Your goal: Quote the lines below from the one containing "中老年羽绒服女款妈妈冬装高档60岁老人奶奶太太冬季加厚保暖外套" to the final line, both ends included; exclude the pictures.

Recorded information:
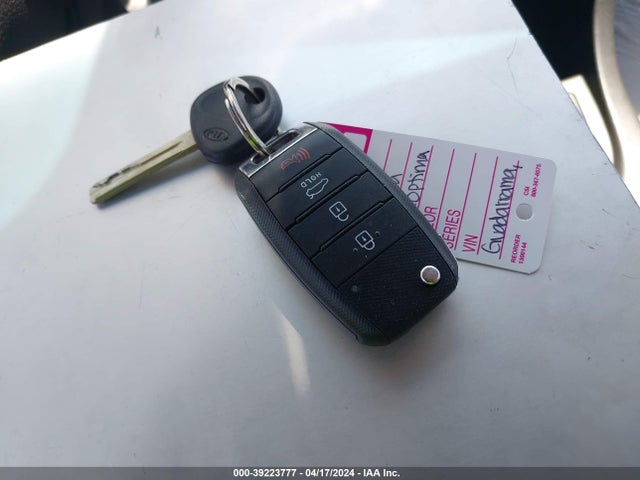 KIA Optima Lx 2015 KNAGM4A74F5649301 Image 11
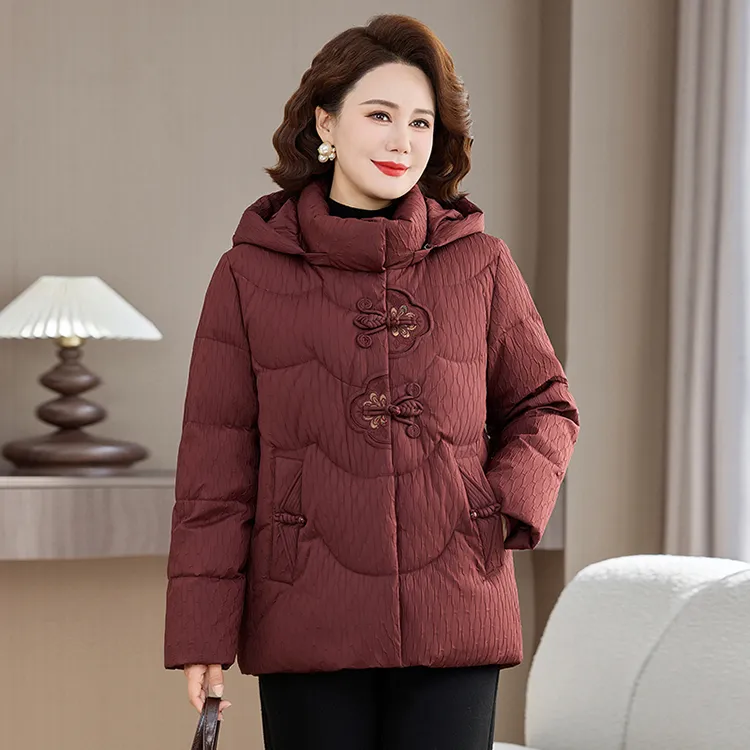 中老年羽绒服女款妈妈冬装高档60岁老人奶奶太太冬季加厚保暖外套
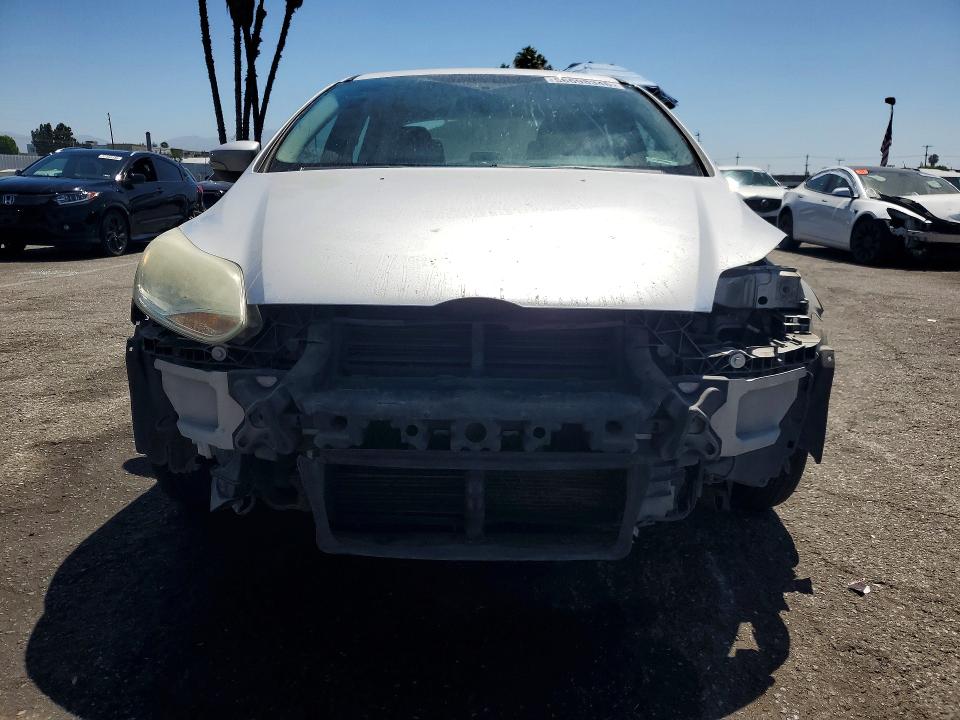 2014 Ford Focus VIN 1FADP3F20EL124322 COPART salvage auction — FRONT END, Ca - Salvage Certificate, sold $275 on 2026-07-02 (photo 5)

Solution to this exercise:
 中老年羽绒服女款妈妈冬装高档60岁老人奶奶太太冬季加厚保暖外套
 2014 Ford Focus VIN 1FADP3F20EL124322 COPART salvage auction — FRONT END, Ca - Salvage Certificate, sold $275 on 2026-07-02 (photo 5)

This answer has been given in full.